### EXERCISE DIRECTIONS
Task for the records below: copy exactly, and only, the line containing "KAWA 2K Dash" and every line after it to the end, with pictures left out.

### DATA IN THIS EXERCISE

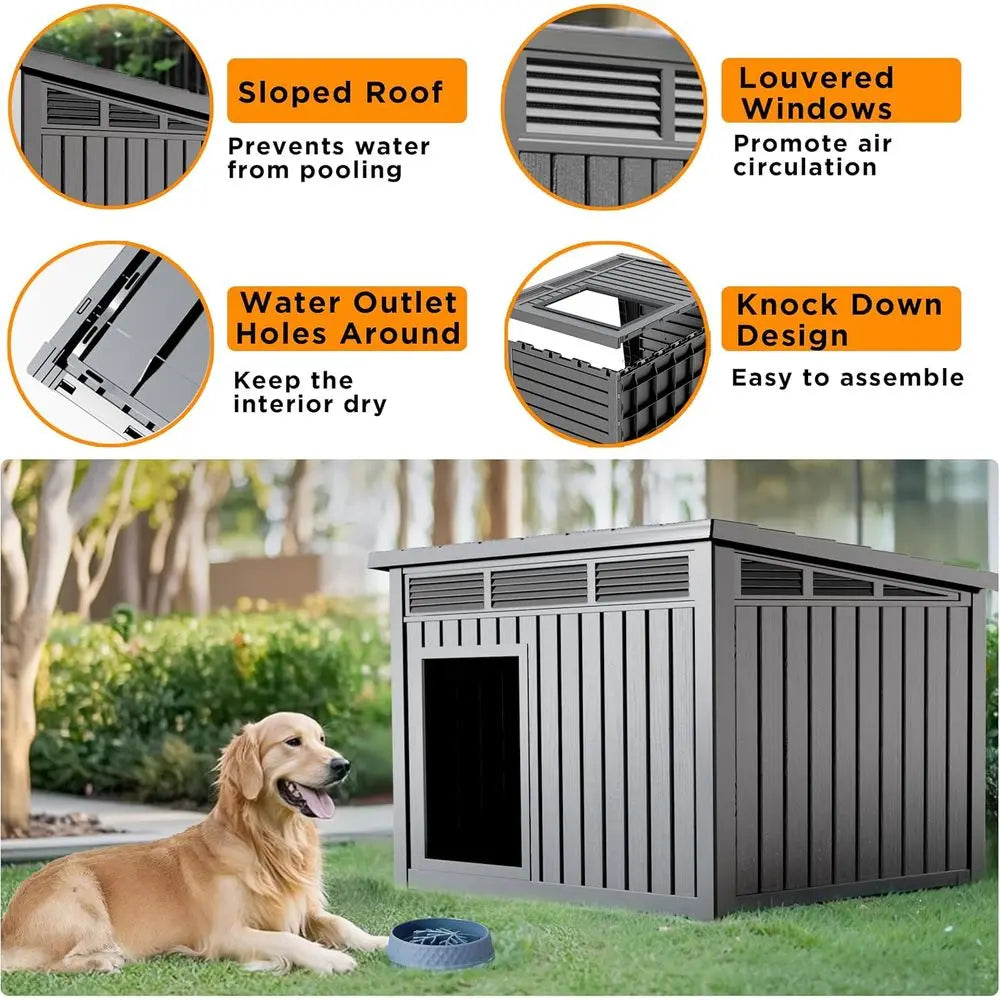 Dog House Outdoor, Indoor Dog House Medium Size Dog with Weatherproof PP Resin Material, Doghouse Outdoor with Openable Roof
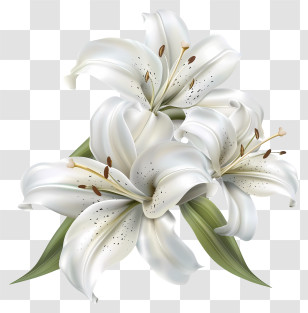 Funeral - Elegant White Lily Flower Cluster Transparent PNG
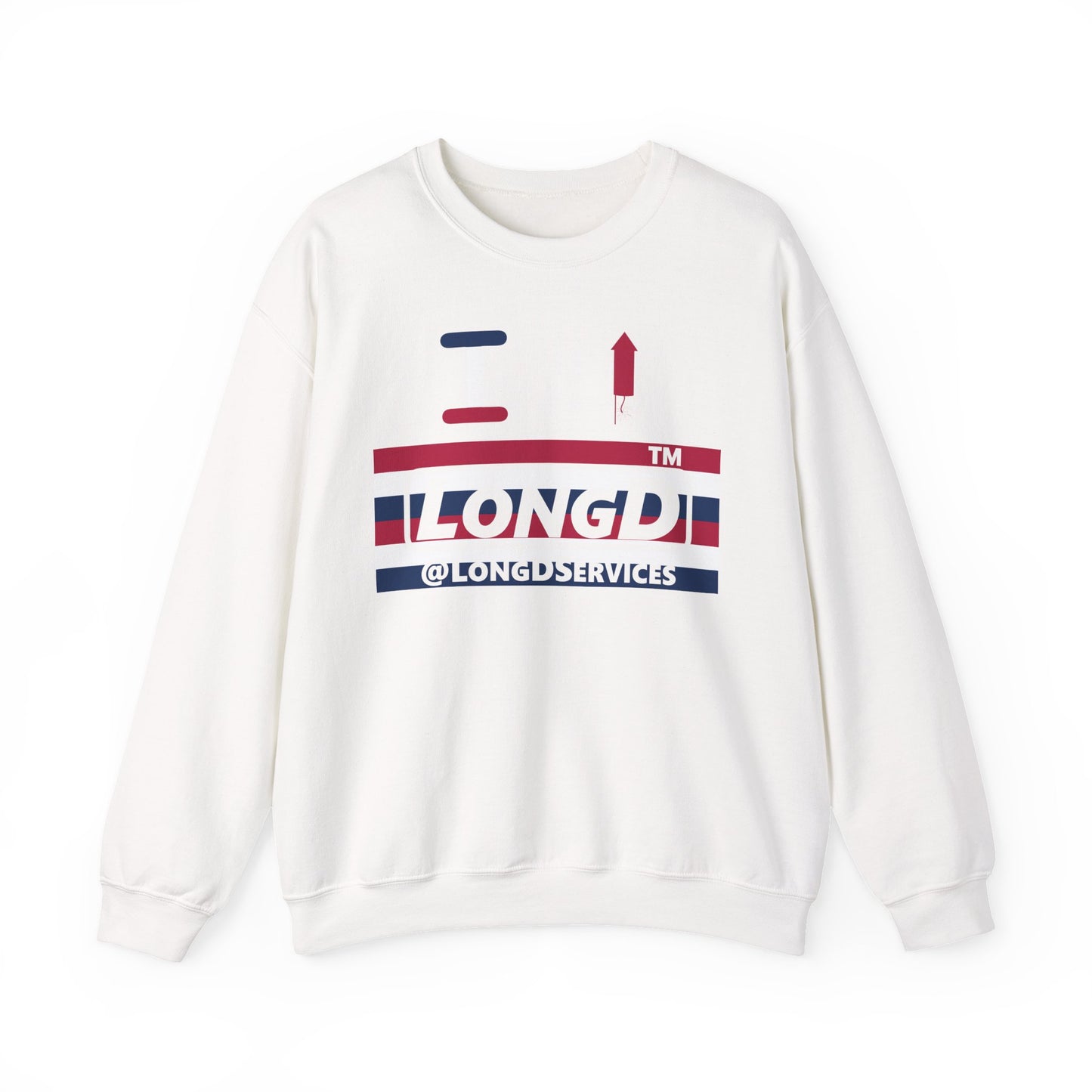 I firecracker LongD negative horizontal 6-striped tag logo crewneck sweatshirt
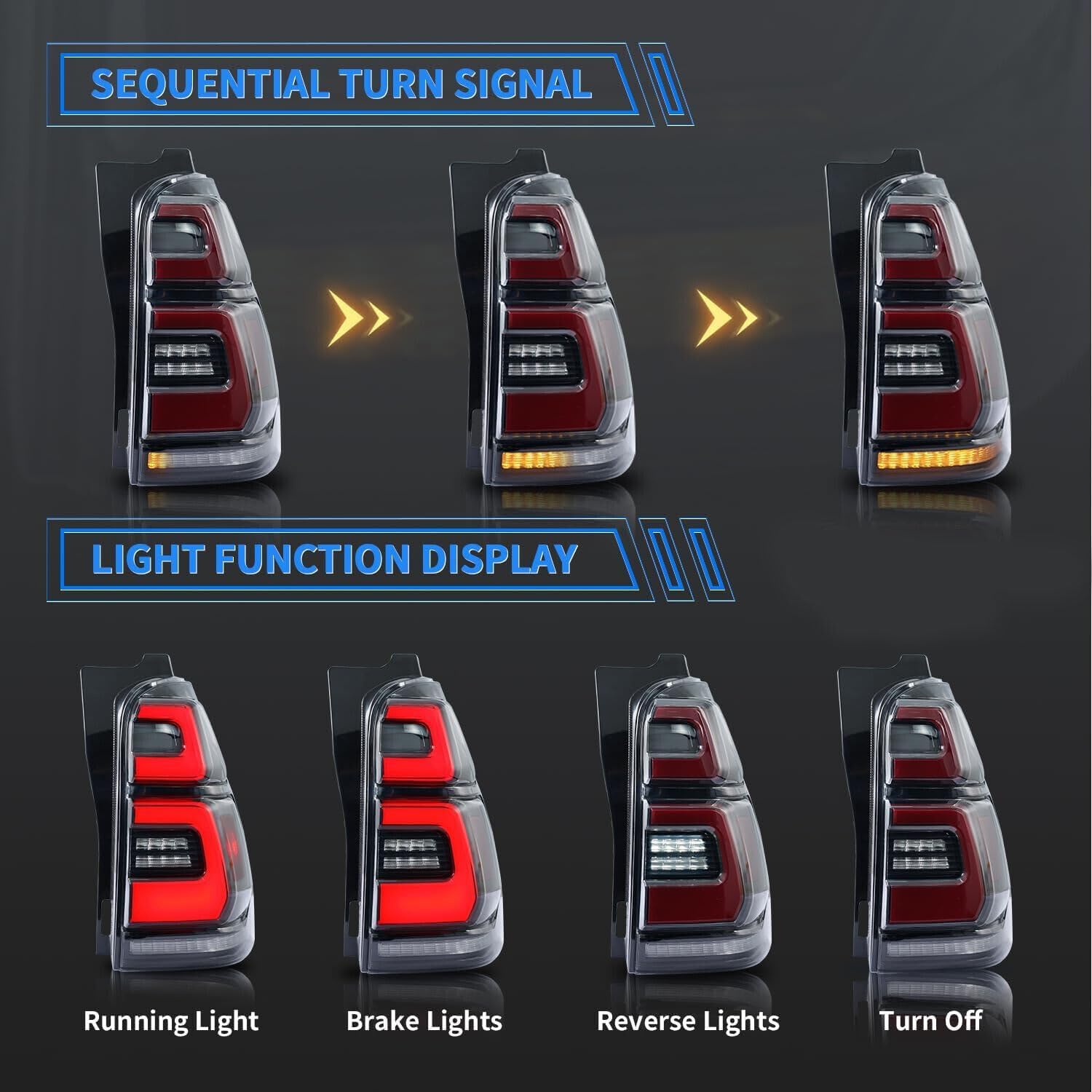 Pair LED Tail Light Assembly For Toyota 4Runner 4th GEN 2003-2009 Start-Up Animation Rear Brake Stop Lamp W/Sequential Turn Signal Left & Right Side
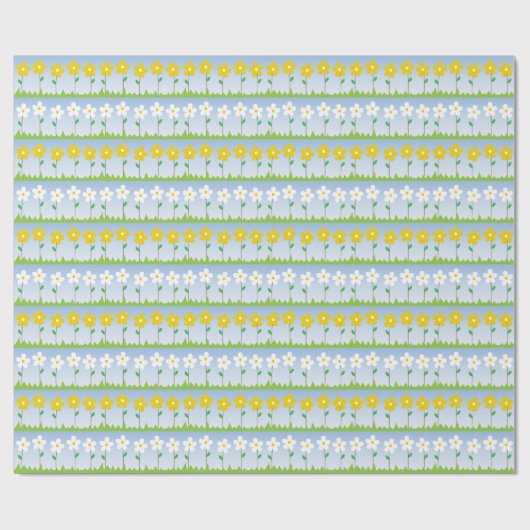 Gelbes und weißes Blumen-Muster-Verpackungs-Papier Geschenkpapier (Flach)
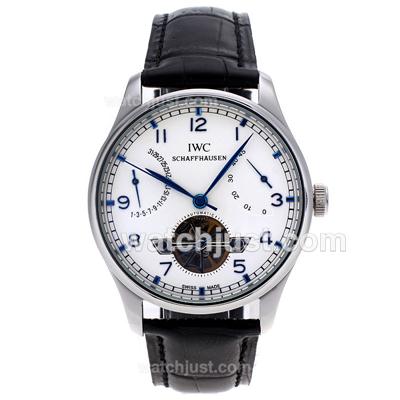 IWC Portuguese Tourbillon Automatic with White Dial-Leather Strap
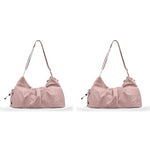 PALAY® Women Gym Bag Fashion Nylon with Shoe Compartment Duffle Travel Shoulder Multifunctional Waterproof Day Pack Adjustable Strap Pink 2 PCS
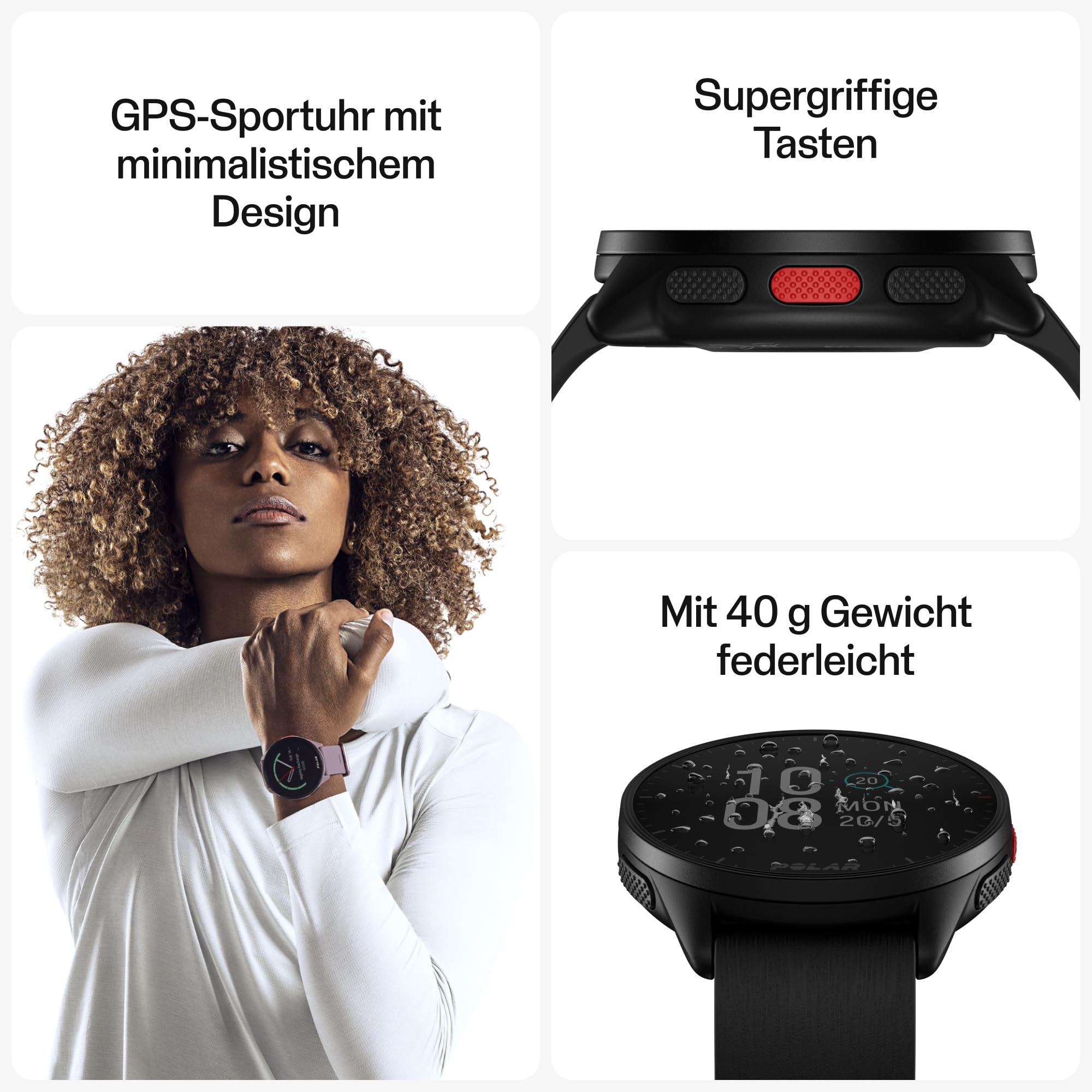 Polar Pacer - GPS-Laufuhr - sehr schneller Prozessor - Ultraleicht - helles Display - griffige Tasten - personalisiertes Trainingsprogramm & Erholungsfunktionen - Pulsmesser - Musiksteuerung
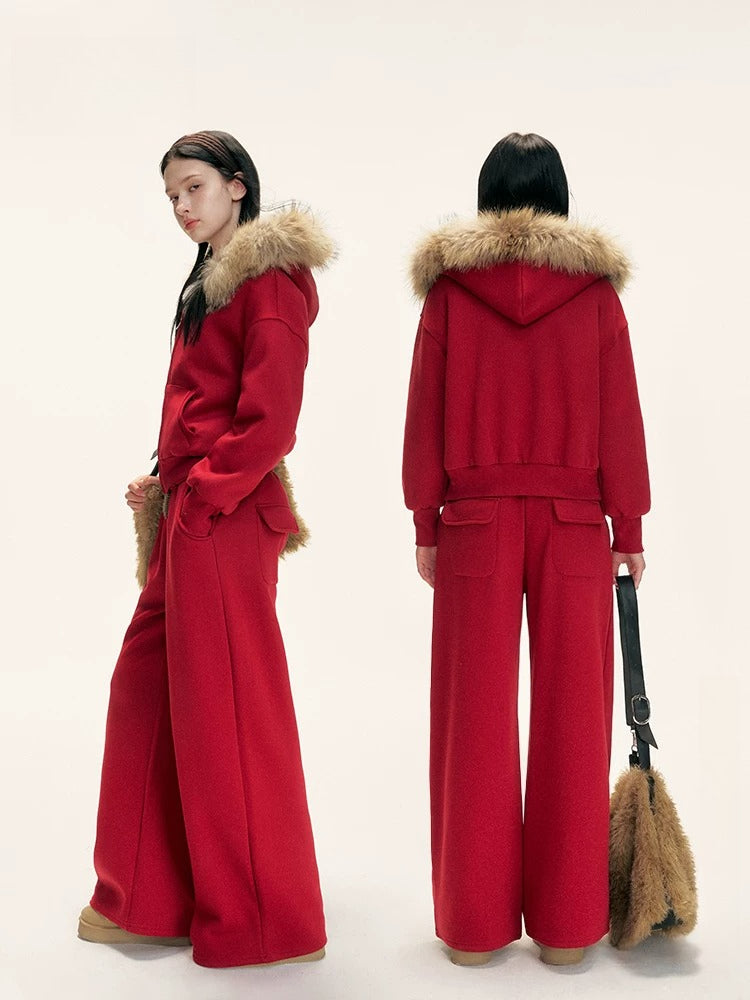 Red Fur-Trimmed Hoodie &amp; Pants Set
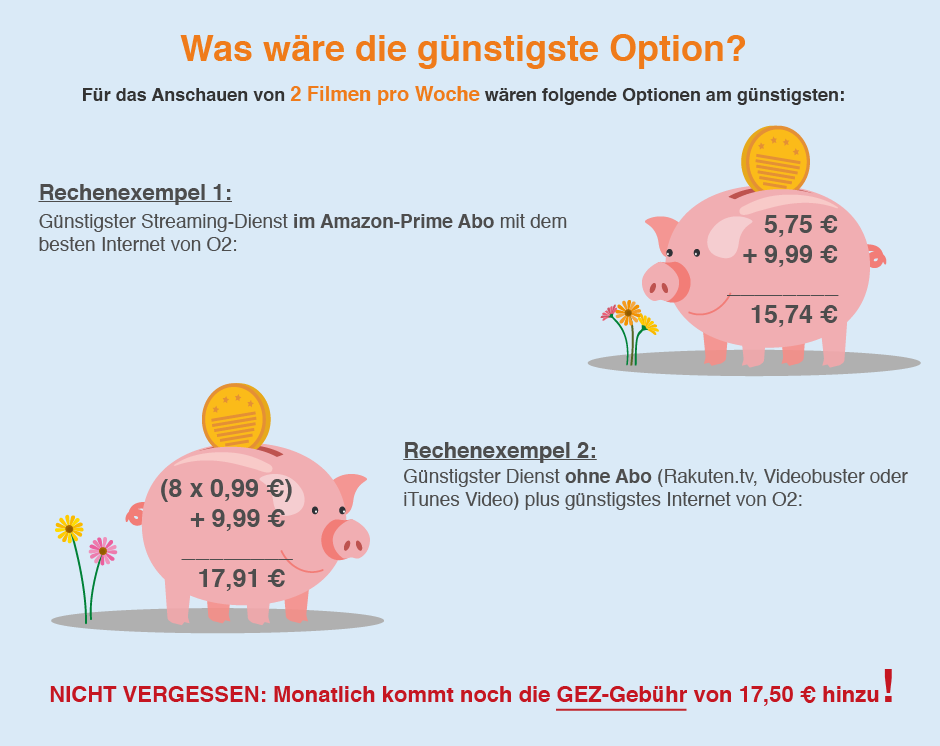 Was ist die g%C3%BCnstigste Option?: Internetanbieter und Streaming-Dienst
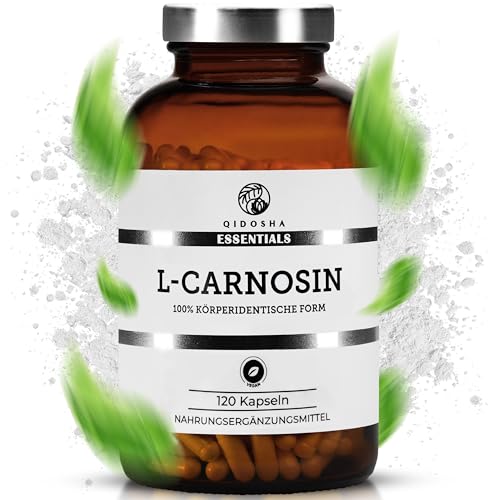 QIDOSHA L-Carnosin Kapseln hochdosiert 120 Stk im Apothekerglas 1000mg/Tagesportion vegan deutsche Fertigung jede Charge laborgeprüft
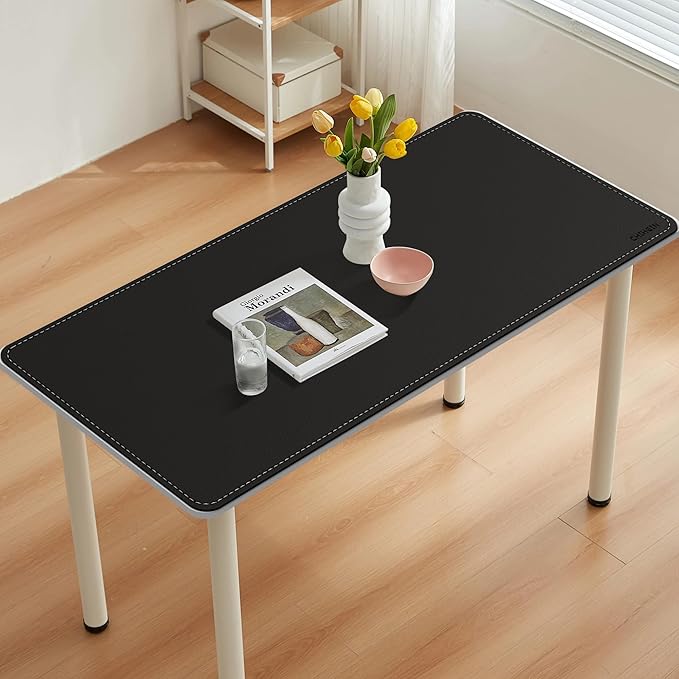 Chihein 47" x 20" 3XL Desk Mat with Cork & PU Leather, Dual Sided Desk Pad, Waterproof Computer Desk Mat for Gaming, Office, Home (Black)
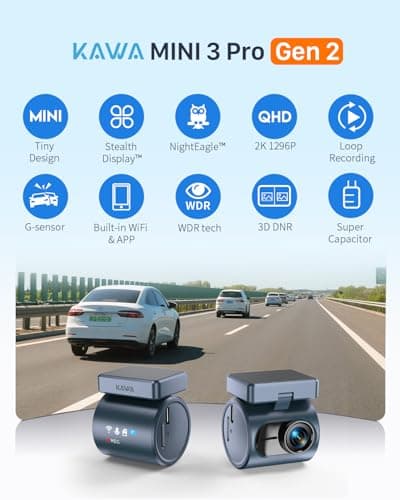 KAWA 2K Dash Cam for Cars with Voice Control - Stealth Display Tiny Dashcam Front Included 32GB Micro SD Card, Super Night Vision, 1296P QHD, G-Sensor, Built in WiFi & App Car Camera - Thumbnail 2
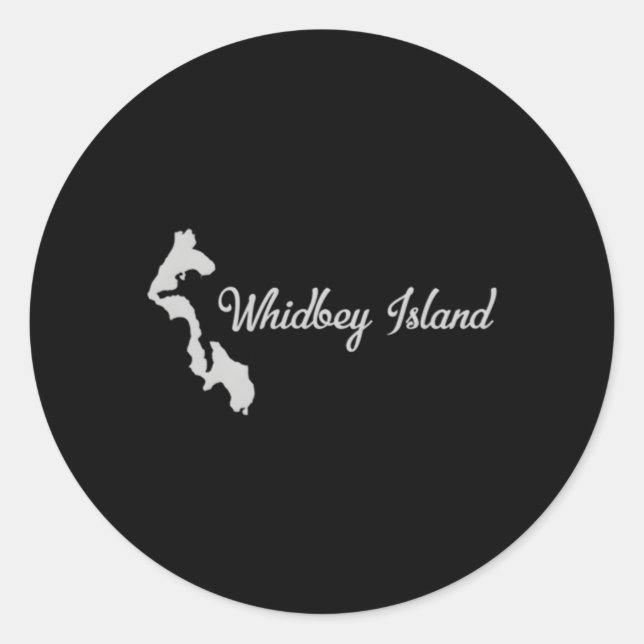Pegatina Redonda Isla Whidbey con mapa (Anverso)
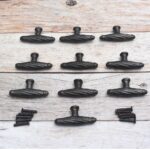 Set of 10 Twisted Rope Iron T-Handle Cabinet Knobs | Vintage Rustic Drawer Pulls for Cabinets, Dressers & Furniture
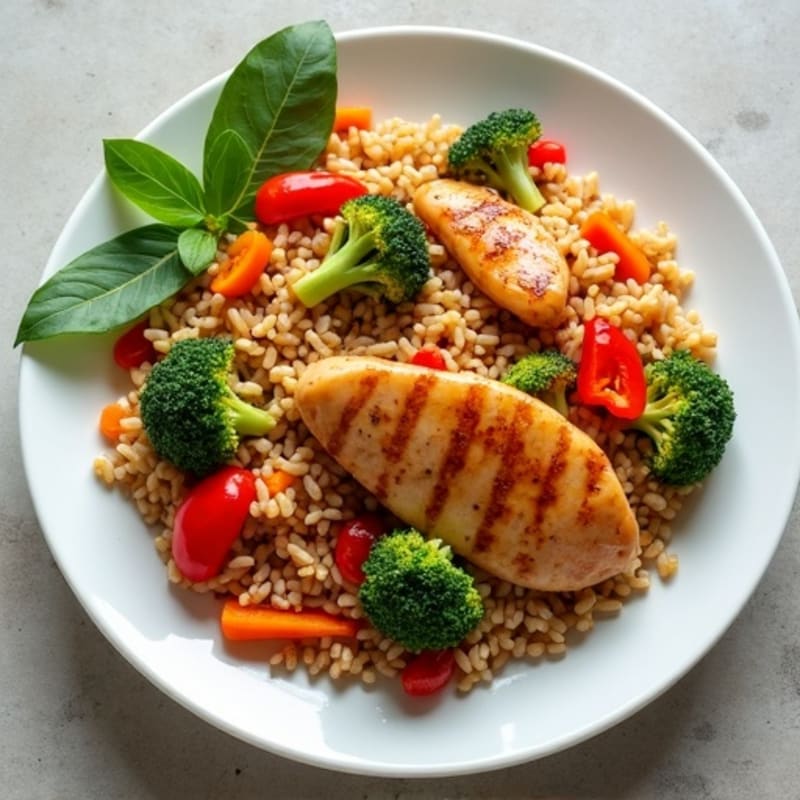 Healthy Chicken and Crisp Vegetable Brown Rice Stir-Fry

### THE COMPLETED TASK
 KAWA 2K Dash Cam for Cars with Voice Control - Stealth Display Tiny Dashcam Front Included 32GB Micro SD Card, Super Night Vision, 1296P QHD, G-Sensor, Built in WiFi & App Car Camera - Thumbnail 2
Pegatina Redonda Isla Whidbey con mapa (Anverso)
 Set of 10 Twisted Rope Iron T-Handle Cabinet Knobs | Vintage Rustic Drawer Pulls for Cabinets, Dressers & Furniture
 Healthy Chicken and Crisp Vegetable Brown Rice Stir-Fry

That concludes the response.